▶ **ACTION ITEM**
In the material below, find the line containing "Patriotic Santa American" and output it and all lines after it exactly, through the last one, without the pictures.

▶ **PROVIDED INFORMATION**
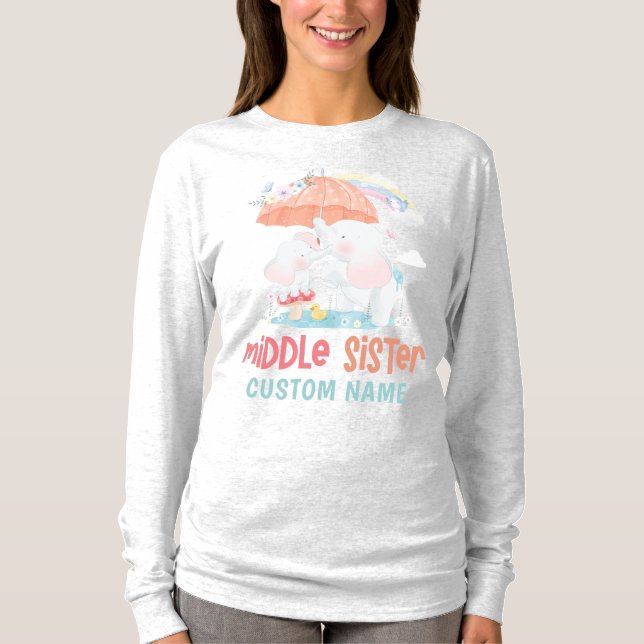 Anpassat namn för Whimsical Elephants Mitten Siste T Shirt (Framsida)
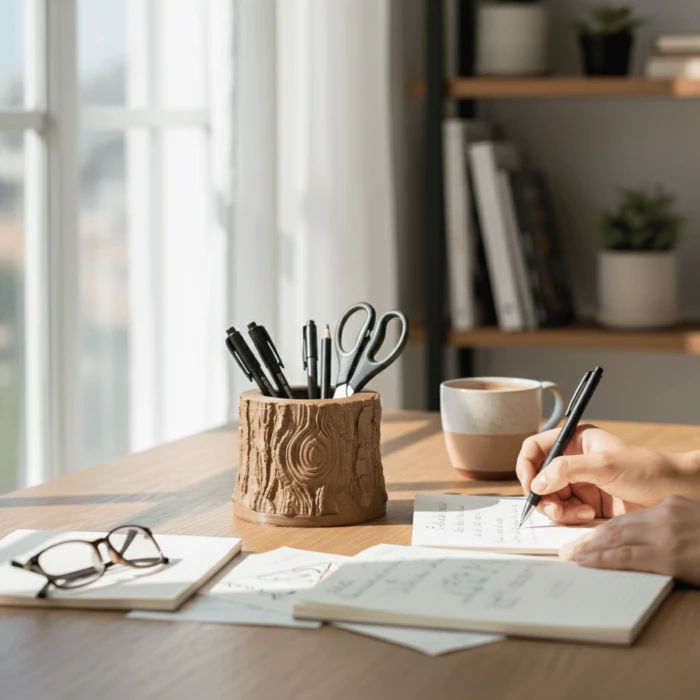 3D Baskı Ahşap Dokulu Kütük Saksı ve Kalemlik - Özel Hediye Kutulu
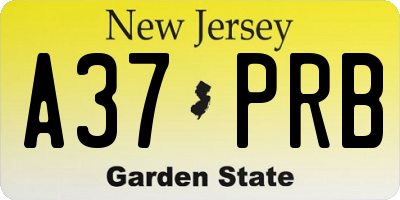 NJ license plate A37PRB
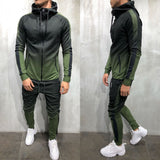 Men Fall 2pcs Turtleneck Gradual Change Color Tracksuit Set Hoodie Top High Waist Bottoms Joggers Gym Plain Zip Pockets Slim Fit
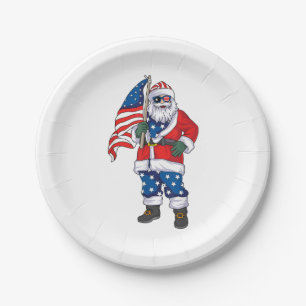 Patriotic Santa American Christmas 4th Of July San Paper Plate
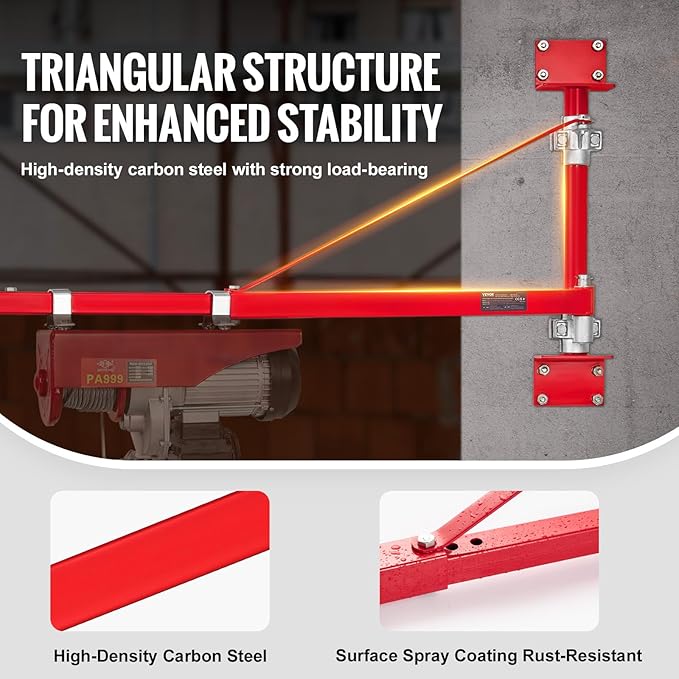 VEVOR Wall Mount Jib Crane, 660 lbs Max Load Capacity Electric Scaffolding Lift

▶ **RESULT OF THE EXERCISE**
 Patriotic Santa American Christmas 4th Of July San Paper Plate
 VEVOR Wall Mount Jib Crane, 660 lbs Max Load Capacity Electric Scaffolding Lift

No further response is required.